● **Task description**:
Transcribe all the material exactly. Leave every line as it is.

Content starts

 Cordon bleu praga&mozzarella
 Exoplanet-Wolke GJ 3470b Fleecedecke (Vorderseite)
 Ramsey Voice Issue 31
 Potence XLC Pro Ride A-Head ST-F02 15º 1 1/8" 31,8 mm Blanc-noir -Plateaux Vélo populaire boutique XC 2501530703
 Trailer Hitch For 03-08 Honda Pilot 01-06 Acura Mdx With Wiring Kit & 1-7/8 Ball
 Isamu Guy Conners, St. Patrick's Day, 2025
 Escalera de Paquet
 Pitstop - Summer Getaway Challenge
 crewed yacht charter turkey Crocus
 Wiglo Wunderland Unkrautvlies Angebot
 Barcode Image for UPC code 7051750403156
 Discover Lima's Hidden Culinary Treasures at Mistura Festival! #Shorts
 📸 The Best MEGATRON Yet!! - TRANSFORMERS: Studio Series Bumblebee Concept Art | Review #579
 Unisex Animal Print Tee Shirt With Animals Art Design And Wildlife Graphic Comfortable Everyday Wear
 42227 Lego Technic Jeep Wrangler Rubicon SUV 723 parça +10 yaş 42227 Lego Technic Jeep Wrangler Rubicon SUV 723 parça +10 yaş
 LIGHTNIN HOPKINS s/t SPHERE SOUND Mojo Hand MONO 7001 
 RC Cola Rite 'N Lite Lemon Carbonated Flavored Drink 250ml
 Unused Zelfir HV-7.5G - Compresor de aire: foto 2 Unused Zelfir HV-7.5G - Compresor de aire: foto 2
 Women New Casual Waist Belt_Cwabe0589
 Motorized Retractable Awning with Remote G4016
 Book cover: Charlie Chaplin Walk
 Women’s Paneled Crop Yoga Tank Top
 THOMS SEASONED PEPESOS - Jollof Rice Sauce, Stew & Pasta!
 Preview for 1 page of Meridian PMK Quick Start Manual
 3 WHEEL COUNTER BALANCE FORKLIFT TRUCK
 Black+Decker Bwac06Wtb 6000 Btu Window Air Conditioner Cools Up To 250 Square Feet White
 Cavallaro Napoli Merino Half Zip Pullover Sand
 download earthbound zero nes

Content ends

● **Answer for this exercise**:
 Cordon bleu praga&mozzarella
 Exoplanet-Wolke GJ 3470b Fleecedecke (Vorderseite)
 Ramsey Voice Issue 31
 Potence XLC Pro Ride A-Head ST-F02 15º 1 1/8" 31,8 mm Blanc-noir -Plateaux Vélo populaire boutique XC 2501530703
 Trailer Hitch For 03-08 Honda Pilot 01-06 Acura Mdx With Wiring Kit & 1-7/8 Ball
 Isamu Guy Conners, St. Patrick's Day, 2025
 Escalera de Paquet
 Pitstop - Summer Getaway Challenge
 crewed yacht charter turkey Crocus
 Wiglo Wunderland Unkrautvlies Angebot
 Barcode Image for UPC code 7051750403156
 Discover Lima's Hidden Culinary Treasures at Mistura Festival! #Shorts
 📸 The Best MEGATRON Yet!! - TRANSFORMERS: Studio Series Bumblebee Concept Art | Review #579
 Unisex Animal Print Tee Shirt With Animals Art Design And Wildlife Graphic Comfortable Everyday Wear
 42227 Lego Technic Jeep Wrangler Rubicon SUV 723 parça +10 yaş 42227 Lego Technic Jeep Wrangler Rubicon SUV 723 parça +10 yaş
 LIGHTNIN HOPKINS s/t SPHERE SOUND Mojo Hand MONO 7001 
 RC Cola Rite 'N Lite Lemon Carbonated Flavored Drink 250ml
 Unused Zelfir HV-7.5G - Compresor de aire: foto 2 Unused Zelfir HV-7.5G - Compresor de aire: foto 2
 Women New Casual Waist Belt_Cwabe0589
 Motorized Retractable Awning with Remote G4016
 Book cover: Charlie Chaplin Walk
 Women’s Paneled Crop Yoga Tank Top
 THOMS SEASONED PEPESOS - Jollof Rice Sauce, Stew & Pasta!
 Preview for 1 page of Meridian PMK Quick Start Manual
 3 WHEEL COUNTER BALANCE FORKLIFT TRUCK
 Black+Decker Bwac06Wtb 6000 Btu Window Air Conditioner Cools Up To 250 Square Feet White
 Cavallaro Napoli Merino Half Zip Pullover Sand
 download earthbound zero nes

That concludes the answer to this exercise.